URLs automatically converted to links can include a final slash part of the URL.
If the URL contains a final slash, the link generated ignores it, breaking some links:
Content-Type: text/html;
charset=utf-8
Content-Transfer-Encoding: 8bit
<a href="http://google.com">http://google.com</a>/<br>
http://google.comK-9 Mail version: 5.008
Android version: 6.0
Account type (IMAP, POP3, WebDAV/Exchange): IMAP
A bug in the HtmlConverter. Confirmed and found exact behaviour using a unit test:
If a link is followed by a new line or a space the slash will be missed. Hence even though the second and third pass, the bug exists and is demonstrated by 4-6.
@Test
public void testLinks() {
String text = "http://www.google.com";
String result = HtmlConverter.textToHtml(text);
assertEquals("<pre class=\"k9mail\"><a href=\"http://www.google.com\">http://www.google.com</a></pre>", result);
text = "http://www.google.com/";
result = HtmlConverter.textToHtml(text);
assertEquals("<pre class=\"k9mail\"><a href=\"http://www.google.com/\">http://www.google.com/</a></pre>", result);
text = "http://google.com/";
result = HtmlConverter.textToHtml(text);
assertEquals("<pre class=\"k9mail\"><a href=\"http://google.com/\">http://google.com/</a></pre>", result);
text = "http://google.com/ ";
result = HtmlConverter.textToHtml(text);
assertEquals("<pre class=\"k9mail\"><a href=\"http://google.com/\">http://google.com/</a> </pre>", result);
text = "http://google.com/ \n";
result = HtmlConverter.textToHtml(text);
assertEquals("<pre class=\"k9mail\"><a href=\"http://google.com/\">http://google.com/</a> <br></pre>", result);
text = "http://google.com/\n";
result = HtmlConverter.textToHtml(text);
assertEquals("<pre class=\"k9mail\"><a href=\"http://google.com/\">http://google.com/</a><br></pre>", result);
}
Unfortunately we're using a nasty regex to extract URIs:
private static final Pattern WEB_URL_PATTERN = Pattern.compile(
"((?:(http|https|Http|Https|rtsp|Rtsp):\\/\\/(?:(?:[a-zA-Z0-9\\$\\-\\_\\.\\+\\!\\*\\'\\(\\)"

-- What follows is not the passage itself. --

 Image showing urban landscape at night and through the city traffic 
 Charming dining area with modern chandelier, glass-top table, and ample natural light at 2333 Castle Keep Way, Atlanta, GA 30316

+ "\\,\\;\\?\\&\\=]|(?:\\%[a-fA-F0-9]{2})){1,64}(?:\\:(?:[a-zA-Z0-9\\$\\-\\_"
+ "\\.\\+\\!\\*\\'\\(\\)\\,\\;\\?\\&\\=]|(?:\\%[a-fA-F0-9]{2})){1,25})?\\@)?)?"
+ "((?:(?:[" + GOOD_IRI_CHAR + "][" + GOOD_IRI_CHAR + "\\-]{0,64}\\.)+" // named host
+ TOP_LEVEL_DOMAIN_STR_FOR_WEB_URL
+ "|(?:(?:25[0-5]|2[0-4]" // or ip address
+ "[0-9]|[0-1][0-9]{2}|[1-9][0-9]|[1-9])\\.(?:25[0-5]|2[0-4][0-9]"
+ "|[0-1][0-9]{2}|[1-9][0-9]|[1-9]|0)\\.(?:25[0-5]|2[0-4][0-9]|[0-1]"
+ "[0-9]{2}|[1-9][0-9]|[1-9]|0)\\.(?:25[0-5]|2[0-4][0-9]|[0-1][0-9]{2}"
+ "|[1-9][0-9]|[0-9])))"
+ "(?:\\:\\d{1,5})?)" // plus option port number
+ "(\\/(?:(?:[" + GOOD_IRI_CHAR + "\\;\\/\\?\\:\\@\\&\\=\\#\\~" // plus option query params
+ "\\-\\.\\+\\!\\*\\'\\(\\)\\,\\_])|(?:\\%[a-fA-F0-9]{2}))*)?"
+ "(?:\\b|$)"); // and finally, a word boundary or end of
The approach to fixing this must involve lots of unit tests to cover as many valid cases as possible to avoid breaking something.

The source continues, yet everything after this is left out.